O filme, no entanto, não esquece dos revolucionários, daqueles que lutaram pela maioria, pelos apertadores de parafuso, operários e homens do campo, enfim... o povo. Muitas guerras foram travadas com o povo, pelo povo e para o povo, Masagão relembra a revolução mexicana liderada por Zapata, o acontecimento mexicano é descrito como a primeira grande mobilização social da América Latina no século XX. Lembramos também de figuras mundialmente conhecidas como Gandhi e Che Guevara, contudo, para muitos, inclusive gente do próprio povo, “esses” – que se levantam contra o sistema – são considerados loucos, pessoas que vivem no “mundo da lua”. Loucos por pararem, pensarem, refletirem e agirem.
Em 1969 o festival de Woodstock coroa um momento de revolta e protesto, contra a guerra, contra o Estado Estadunidense, contra o modelo de vida do American Way Of Life, juventude protestando, século marcado pela cara de jovens que saíram à luta até no Brasil, será que o século XXI, vai manter o que teve de bom em seu antecessor?
Não posso parar pra pensar, afinal “tempo é dinheiro”! – uns dizem.  O século XX foi marcado pela revolução da velocidade, pelo instantâneo, grande mudança causou o advento do “rádio, eletricidade, aspirina”. A digitalização, a internet, a era da informação tem inicio no final do século em questão, e as relações humanas, onde ficam? Viram líquido, e escorrem para dentro de si mesmos. Aprendemos neste século a sermos individualistas, a pensarmos em nós, todo dia ouvimos falar em competitividade, ser melhor que o outro, tudo pelo “doce fedor do sucesso”.
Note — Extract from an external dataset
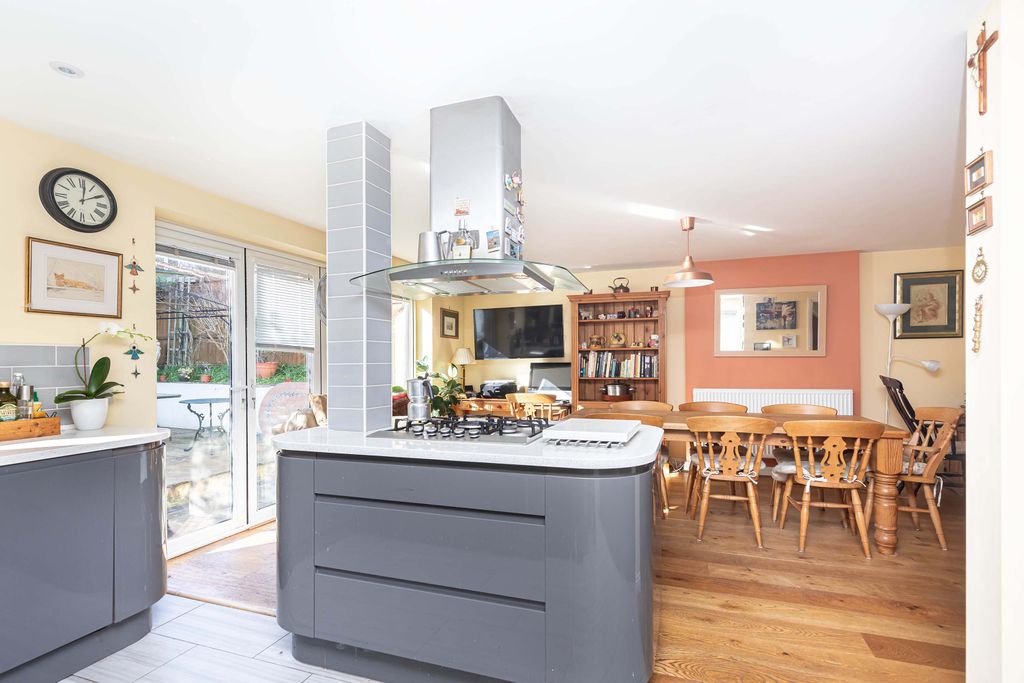 Property photo 3 of 25 Kitchen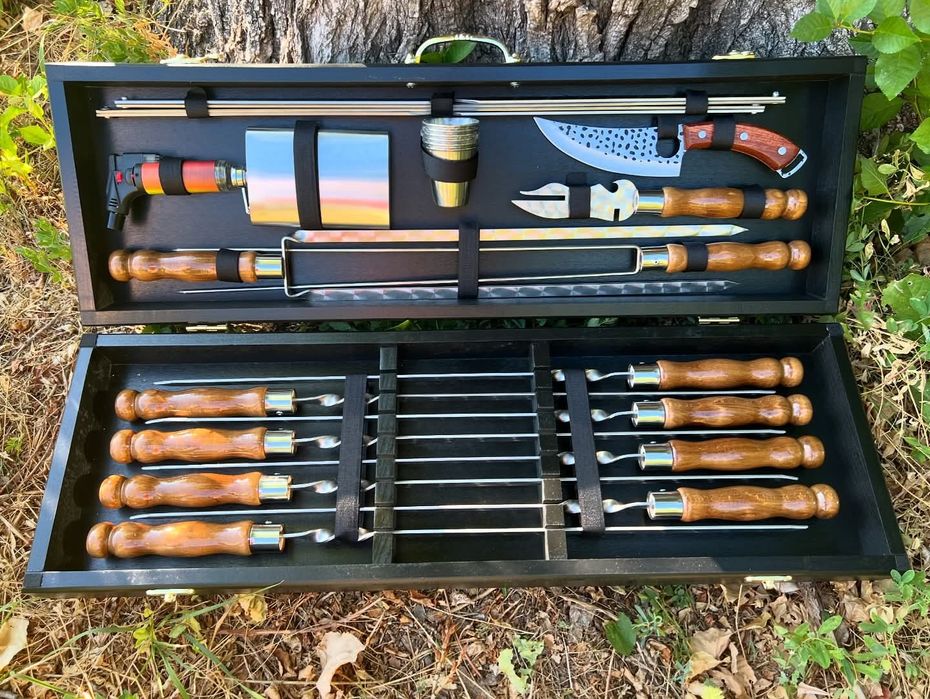 Подарункові набори шампурів.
A moral, a conduta, a família, tudo foi ganhando novos significados, morrendo aos poucos. O mundo hoje é mais liberal, “Liberté, Fraternité, Égalité”, a bandeira da revolução francesa ganhou novos horizontes nos últimos cem anos, porém, também ganha novos sentidos, pois todos somos “Livres” para trabalhar, somos irmãos que se exploram (amor fraternal?), e a “igualdade”, sim ela existe, homens, mulheres, crianças, todos iguais enquanto mão-de-obra barata.
O filme que nos deu combustível para escrever este texto, termina com indagações a respeito de Deus. Onde está Deus afinal, que vendo a humanidade caminhar para seu próprio fim nada faz. Uns o procuram nas forças da natureza, outros dizem que ele está nas Igrejas, outros ainda, acreditam que ele esteja no inferno. Enquanto alguns procuram, milhares de seres humanos estão à espera que o próprio Deus os encontre. Onde está Deus? “Deus está morto” – responde Nietzsche, filósofo alemão do século XX. Até Deus nós matamos nesse último século.